### Goal of the exercise
What you return should be only the lines in the entries below between the one holding "Shein Contrast Trim Leopard Print Sweater" and the one holding "Cozy Vibes 🏕️☕", ends included, with every picture left out.
══ Extracted data
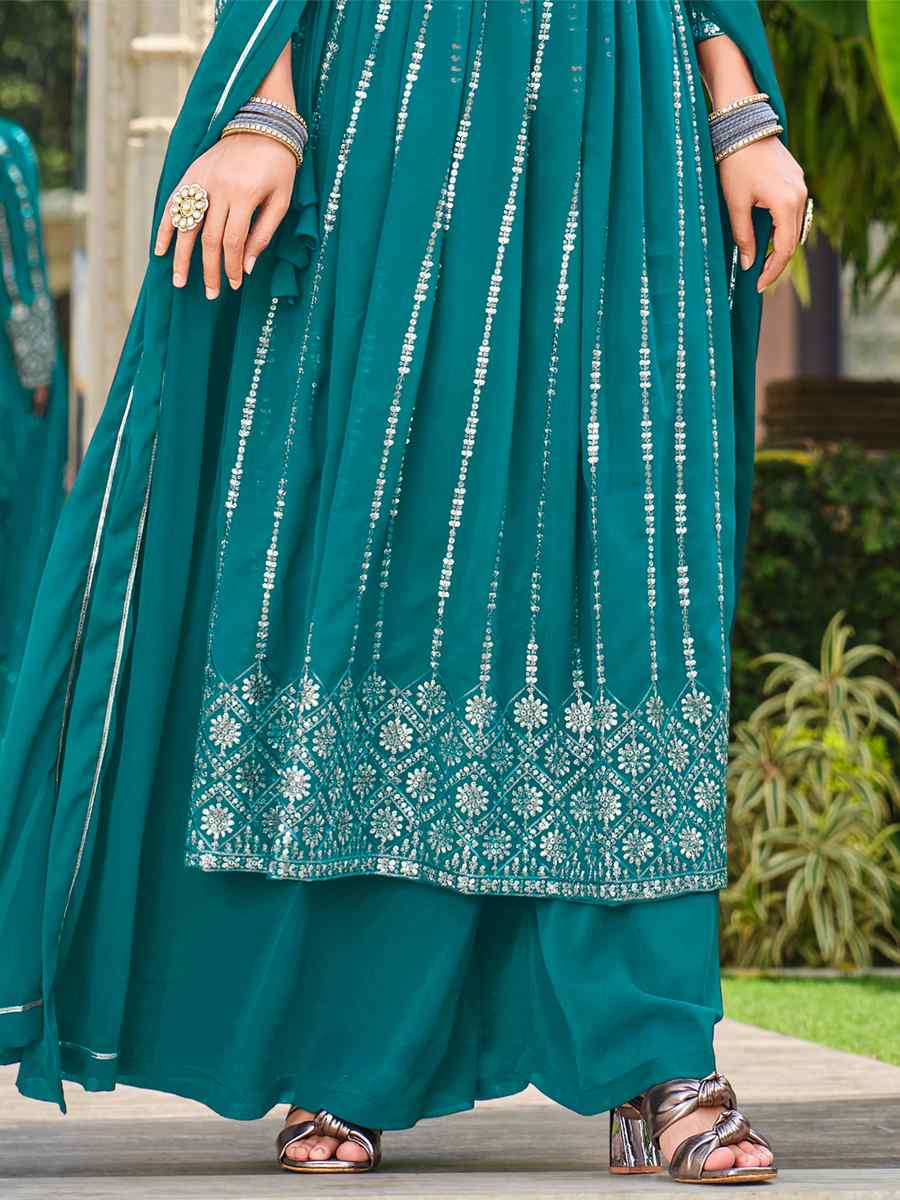 Turquoise Pure Faux Georgette Embroidered Festival Wedding Ready Palazzo Pant Salwar Kameez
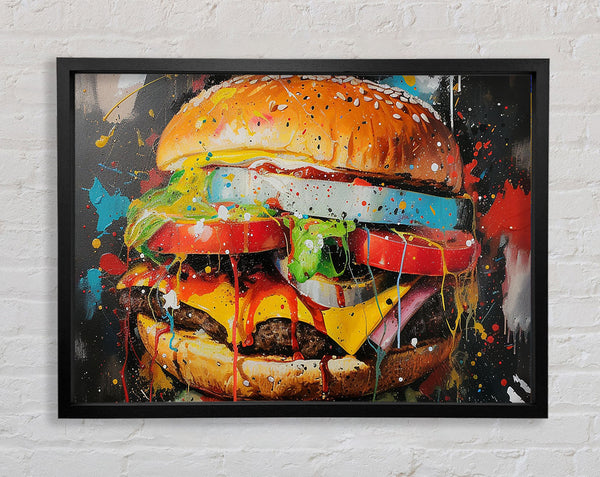 Graffiti Burger Framed Print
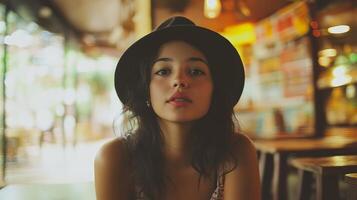 Captivating Young Woman in Casual Attire Gazing Thoughtfully in Urban Setting photo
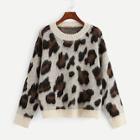 Shein Contrast Trim Leopard Print Sweater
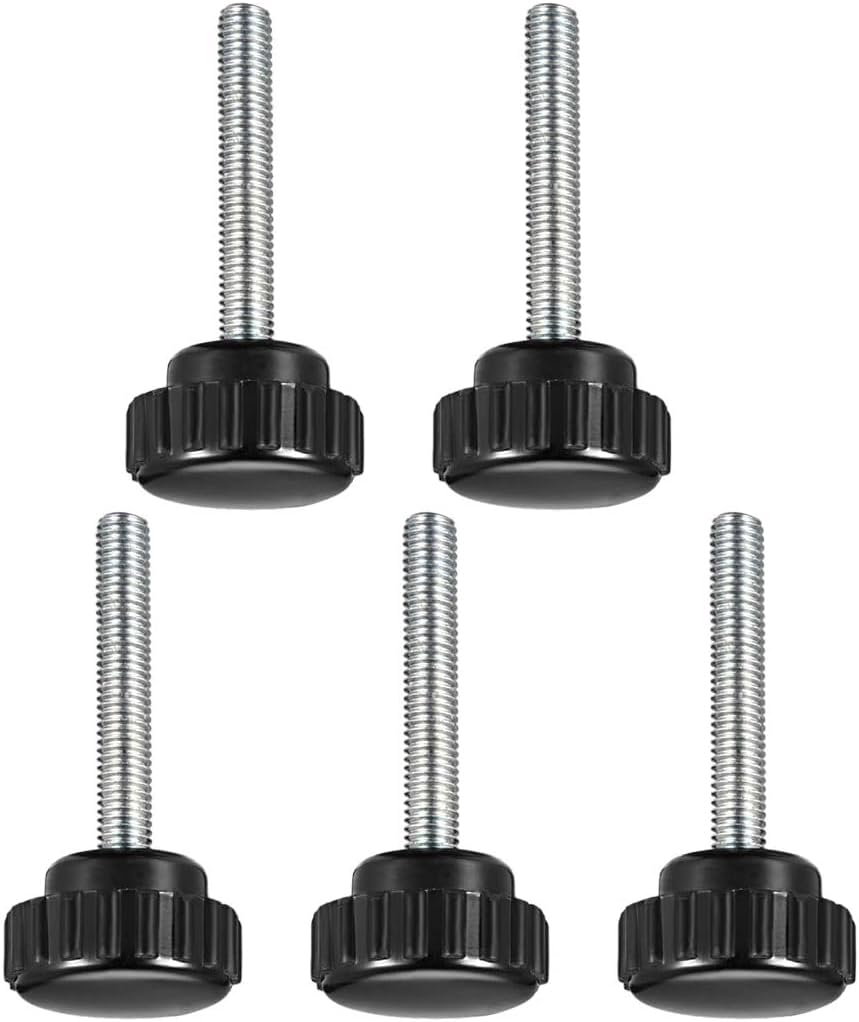 Boxonly Knurled Clamping Knobs Grip for Saw Drill Press Lathe and Routing Jigs Round Head Clamping Handle Bolt with Plastic Knobs M5 x 35mm 5pcs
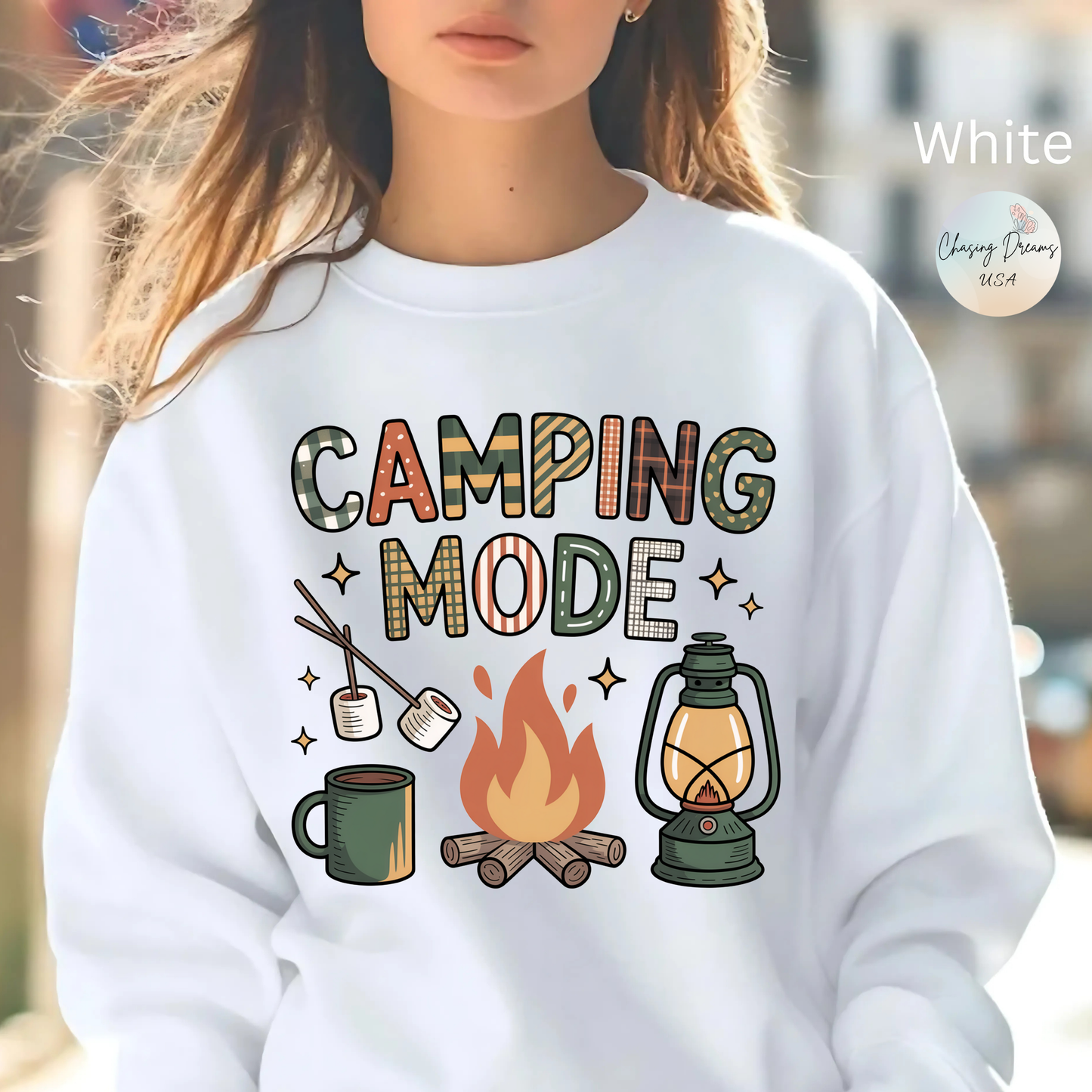 🍂🔥 Camping Mode Sweatshirt – S’mores, Campfires & Cozy Vibes 🏕️☕
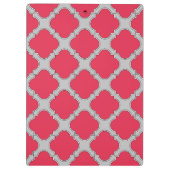Quatrefoil rood en grijs klembord (Achterkant)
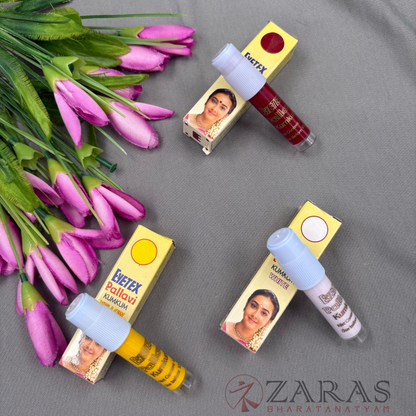 Bharatanatyam Dance Makeup Products - Eyetex Sandhu Liquid White / Yellow / Maroon (Set of 3 Pcs)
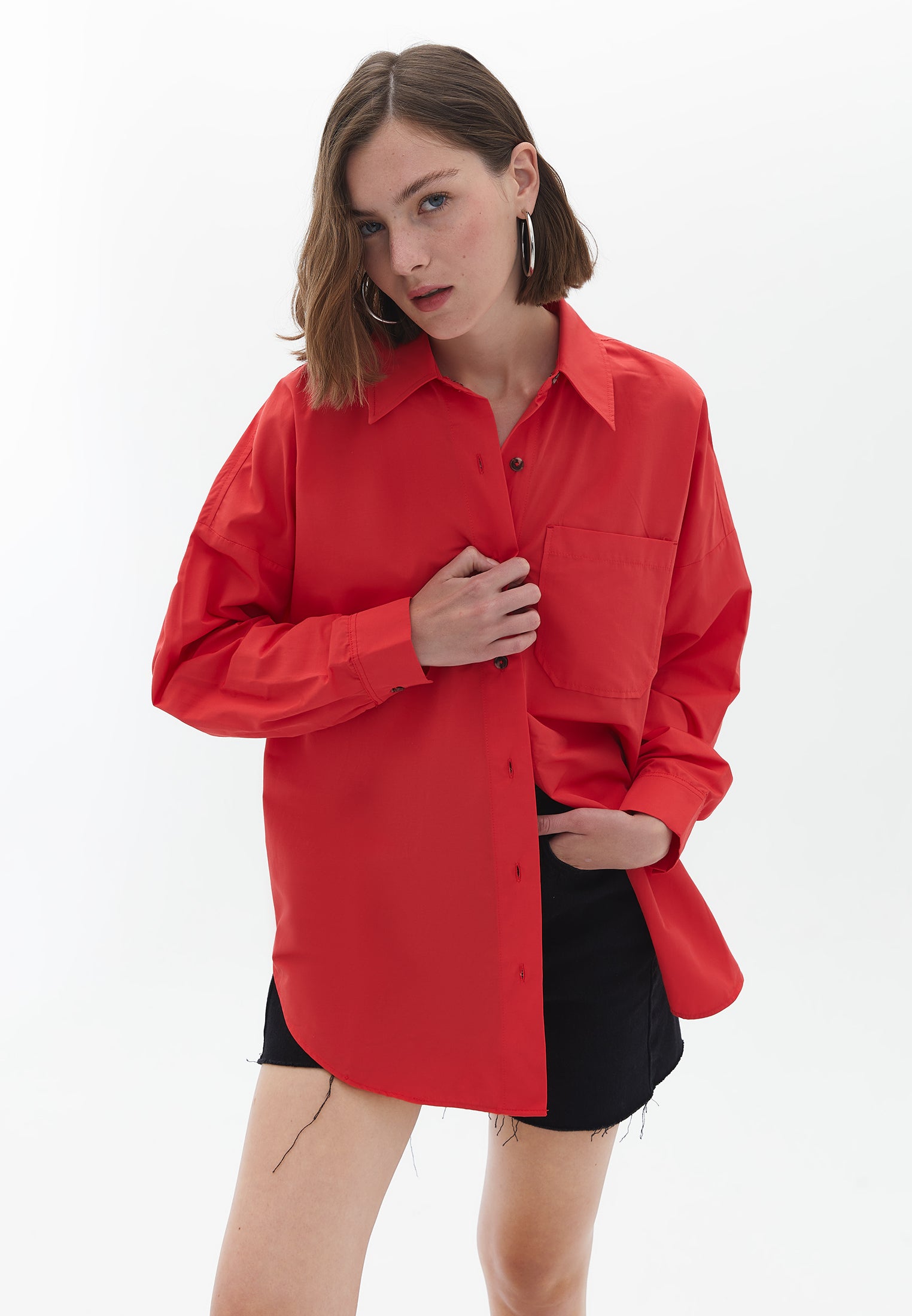 Oversize Shirt with Pocket - POINSETTIA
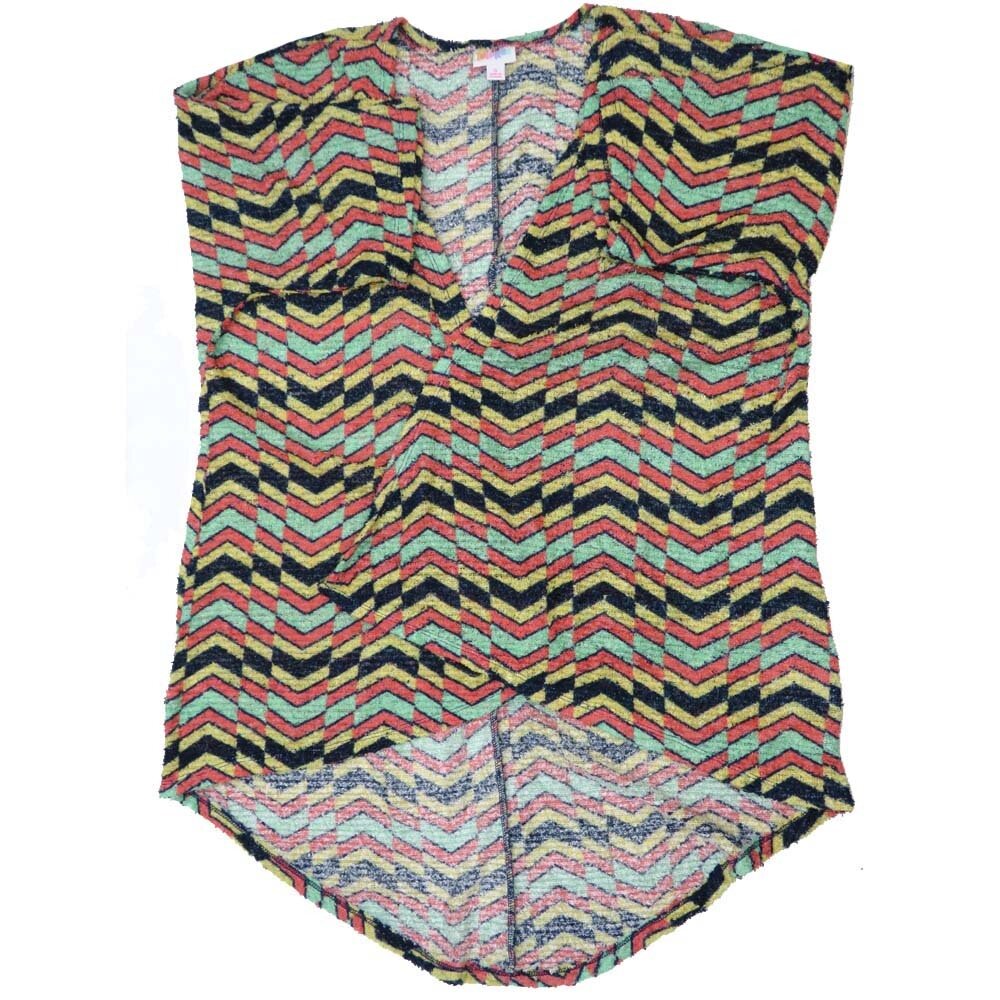 LuLaRoe Lindsay c Small S Kimono Fluffy Airy Sheer and Sparkly Zig Zag Dark Gray Pink Yellow Teal Stripe Knit Lightweight Made in Vietnam 100% Polyester Small fits Adult sizes 00-8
════
### Answer to the exercise
 Shein Contrast Trim Leopard Print Sweater
 Boxonly Knurled Clamping Knobs Grip for Saw Drill Press Lathe and Routing Jigs Round Head Clamping Handle Bolt with Plastic Knobs M5 x 35mm 5pcs
 🍂🔥 Camping Mode Sweatshirt – S’mores, Campfires & Cozy Vibes 🏕️☕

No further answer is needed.